Nunca hubiera imaginado que un viaje a Japón pudiera suscitar tanta atención e interés como compruebo ha ocurrido con el que viví en octubre pasado. La gente me pregunta y luego, esto es lo extraordinario, se queda a escuchar la repuesta, el breve relato que siempre acabo con un “absolutamente recomendable” referido al viaje. Y no es, no, por educación o por cortesía por lo que atienden; es verdadero interés.
Hay quien me ha criticado que situara en el mismo plano la búsqueda de la libertad a la que asociaba mi descubrimiento, en el lejano 1970, de Nueva York, con el encuentro del orden, la disciplina y la limpieza que he creído ver ahora en Tokio. Y es que seguramente necesitaba reconocer hoy estos atributos tanto como necesitaba sentirme libre tiempo atrás. Lo decía hace un mes: puede ser cuestión de edad.

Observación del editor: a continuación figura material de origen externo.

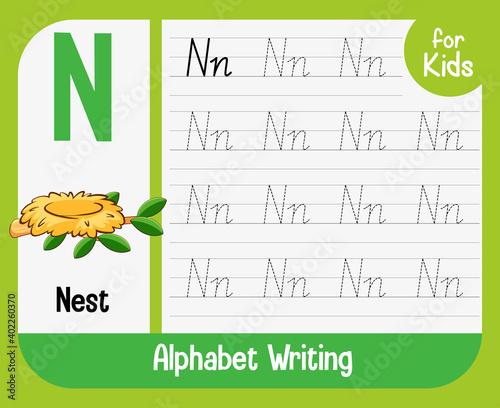 Alphabet tracing worksheet with letter and vocabulary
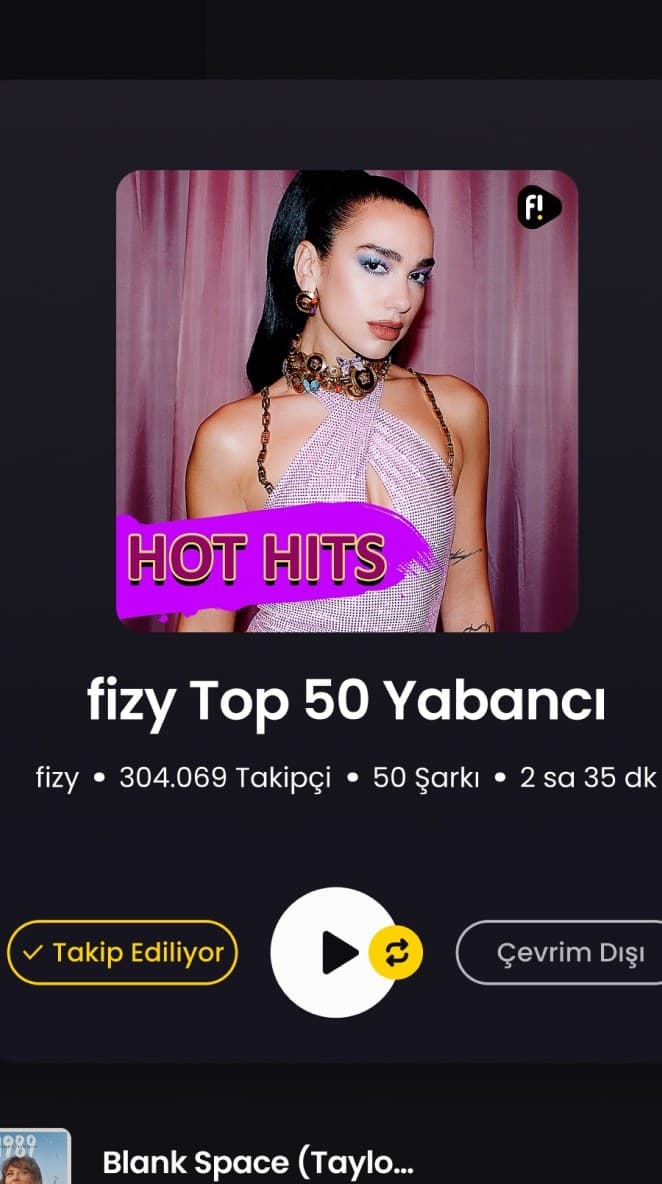 The fizy app showing the fizy Top 50 playlist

El caso es que no recuerdo de viajes anteriores un postgusto tan persistente como en este y no encuentro otra razón que ese interés que he advertido a mi alrededor que, seguramente, he tratado de satisfacer con un entusiasmo mayor del que acostumbro. Será eso.
El viaje a Japón fue para mí más que descubrir Tokio. Fue también la belleza de Kyoto, el dinamismo de Nagoya. Y fue la experiencia, dolorosa y hermosa, de visitar Hiroshima que en el recuerdo a la inmensa tragedia que sufrió acoge un espacio consagrado a la paz que es memoria y es también un grito de “nunca más”.
Es imposible no sentirse sobrecogido en el parque conmemorativo, en el pabellón, en el museo, en esos lugares que llevan el apelativo de la paz. Pasé mucho tiempo en el parque observando a las personas de todas las edades que incesantemente llegaban ante el altar laico que lo preside y reflexionar o rezar brevemente. Fue fácil imaginar un propósito común a la mayoría, si no a todos: que no vuelva a repetirse.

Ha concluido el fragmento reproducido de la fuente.